Comme tous les jours, aujourd’hui encore les avions de chasse survolent la ville et maintiennent une pression psychologique par le boucan qu’ils font. C’est aussi la 8ème journée consécutive de siège du quartier de Sur. Le fracas des explosions et le bruit des rafales retentissent toujours, les nuages de fumée montent vers le ciel derrière les murailles de la vieille ville fortifiée. A midi, en parlant avec un vendeur de journaux à Ofis, nous apprenons qu’une manifestation a lieu une heure plus tard pas loin de là où nous nous trouvons. Nous nous y rendons. Les flics sont partout : blindés, canons à eau, police anti-émeute, keufs en civil kalash’ à la main. Il s’agit pour la petite centaine de courageuses et de courageux du jour de faire entendre les revendications suivantes : la libération d’Abdullah Öcalan – toujours prisonnier sur une île turque dont il est le seul résident depuis 1999 et dont plus personne n’a de nouvelles depuis avril dernier – ; la reprise des négociations pour la paix ; et la reconnaissance d’autonomie formulée par les villes et les quartiers du Kurdistan par l’État turc. Autant dire que c’est tendu et stressant, les flics instaurant là encore une ambiance de petite terreur. Le rassemblement s’ébroue et commence à partir en manif. La police menace en hurlant dans les hauts-parleurs que manifester est interdit (comme en France !) et les blindés et les casqués se lancent illico à la poursuite de la déambulation. Les manifestants décident de ne faire qu’un tour de pâté de maison pour calmer les ardeurs de la flicaille, ne pas lui permettre de gazer, tabasser et tirer dans le tas une fois de plus. Une demi-heure plus tard, après sitting et prises de paroles, les manifestants se dispersent. Nous partons nous balader dans les quartiers alentours. Quelques heures plus tard nous avons à nouveau droit au gaz lacrymogène. Toutes les rues que nous empruntons en sont gavées. Les nombreux passants – pères de familles, lycéennes, vieilles femmes – pleurent tout comme nous. Personne ne sait vraiment ni où ni pour quelles raisons les keufs ont gazé depuis leurs blindés. Ce gaz se répand partout, il est invisible et met du temps à s’évaporer. On nous dira le lendemain que c’est un gaz d’un type nouveau, et bien plus puissant qu’avant : « Ça fait 22 ans que je suis là et que je respire du gaz, celui-ci est pire que les précédent… »
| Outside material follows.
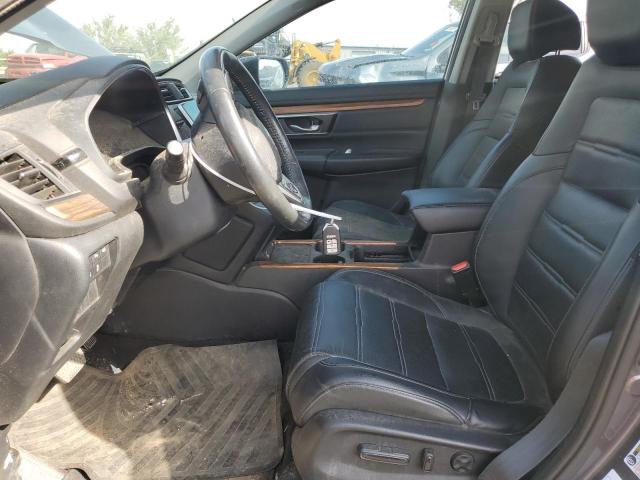 2020 HONDA CR-V TOURI - 7FART6H98LE007504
10 décembre : solidarité avec les assiégés

IMG 5891
diyarbakir 8aralik 5
13 heures. Manifestation aujourd’hui en solidarité avec les habitants et les camarades qui résistent

aux assauts de l’État dans Sur. 500 à 600 personnes, à peine, devant la Porte d’Urfa de la citadelle. Gros dispositif policier, comme d’habitude. Mais qui ne suffit pas à démotiver les manifestants qui font face. Ça tape sur les rideaux de fer baissés, ça siffle et frappe dans les mains pour faire un maximum de bruit et se faire entendre depuis l’intérieur. Ça ressemble quasiment à une manif devant une taule en soutien aux prisonniers. Beaucoup de jeunes voire de très jeunes, de 8 à 14 ans, qui courent en ribambelle. Comme le fait remarquer un manifestant, « Ce sont les mères et les enfants qui nous aident à tenir moralement. La vraie force ce sont eux ». Un bon paquet, aussi, de grand-mère remontées par des décennies de massacre, de tortures, de taules et d’humiliations racistes au quotidien.
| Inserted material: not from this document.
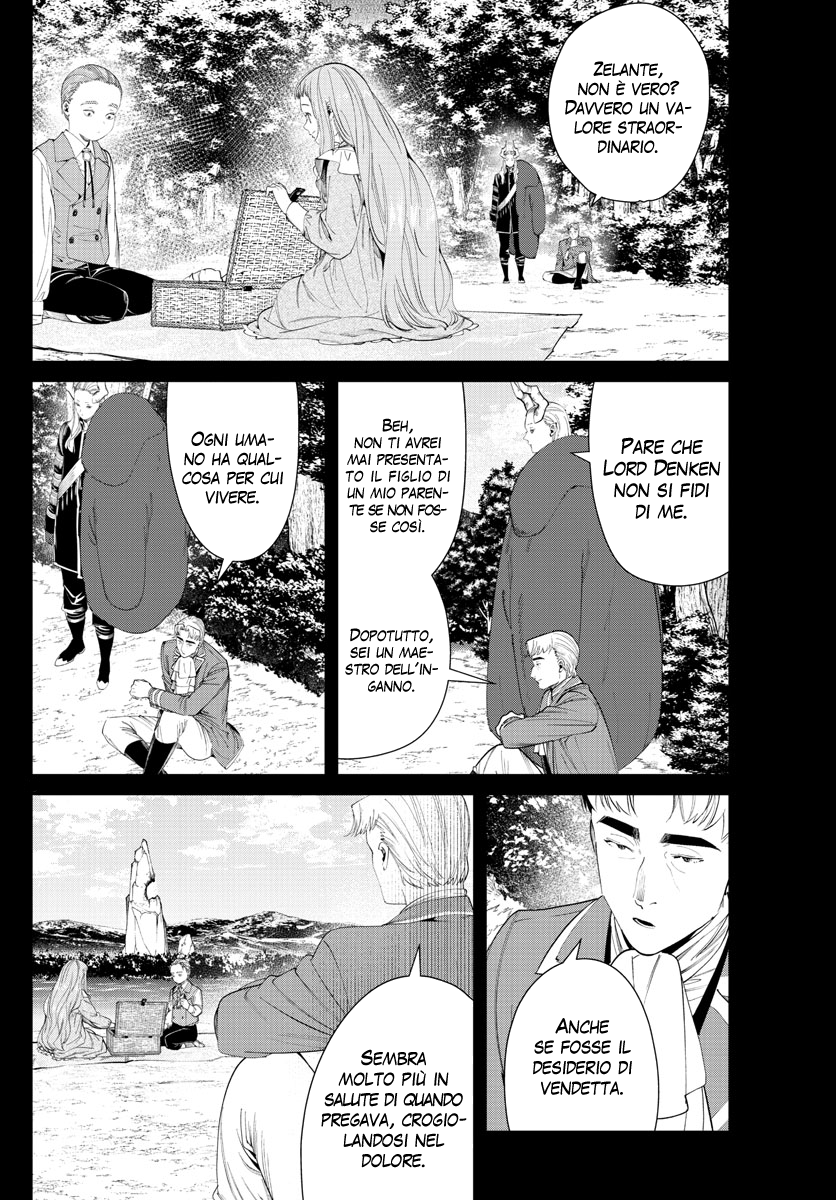 Read Sousou No Frieren IT Manga Online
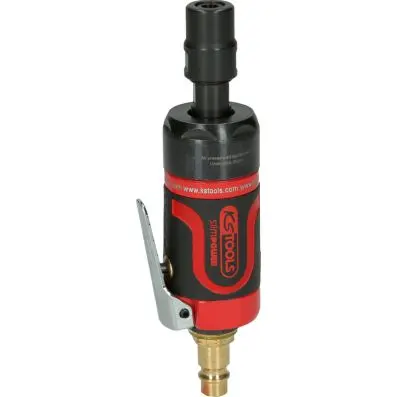 SlimPOWER mini-pneumatic die grinder, st raight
Le face à face avec les flics dure bien deux heures : la police menacent régulièrement d’attaquer la manifestation car elle est interdite (comme en France !) ; les cocuklar, les enfants, s’échauffent et commencent à dépaver et briser les briques pour en faire des projectiles ; les adultes calment le jeu et appellent tout le monde à venir s’asseoir et chanter la guerilla au plus près des flics. Et dans les temps morts ça discute. Un certain nombre de personnes s’énervent contre le fait qu’il y a vraiment peu de monde, comme le fait ce père de famille : « Mais où sont les autres ? Cette ville est gigantesque et nous ne sommes que 500. Que font les autres ? Ils boivent du thé ? » Et c’est vrai que la question se pose. L’État turc joue la carte de la terreur et de l’épuisement : il tente de diviser le mouvement en effrayant le plus grand nombre. Tous les États procèdent ainsi, ce n’est pas nouveau, mais le phénomène semble visible de manière cruciale en ce moment à Diyarbakır. La plupart des discussions tournent autour des questions de la paix et de la guerre. « Faut il attendre encore avant d’assumer franchement la guerre qui nous est faite ? » ; « La paix, il faut œuvrer à la paix et ne pas céder aux provocations de l’État » ; « D’accord, mais en attendant, ils tuent tous les jours plusieurs de nos jeunes » ; « Est-ce que le PKK et les YDG-H adoptent la bonne stratégie ? L’autodéfense des villes et des quartiers, est-ce que le jeu en vaut la chandelle ? » ; « Il n’est pas possible de baisser la tête devant Daech et Erdoğan ! »… etc. Telles sont les discussions, les questionnements, les prises de têtes du moment.

Cinq cocuklar de 9 à 13 ans lancent un chant révolutionnaire, la foule les reprend en chœur. Puis d’autres jeunes allument deux grands feux à même la chaussée. Vieux frigos déglingués et autres débris font de bons combustibles. Mais ça ne plaît pas aux larbins du Sultan. Quelques minutes après ils chargent avec canons à eau et blindés lanceurs de gaz. Nous partons en courant dans les petites rues avant de se disperser.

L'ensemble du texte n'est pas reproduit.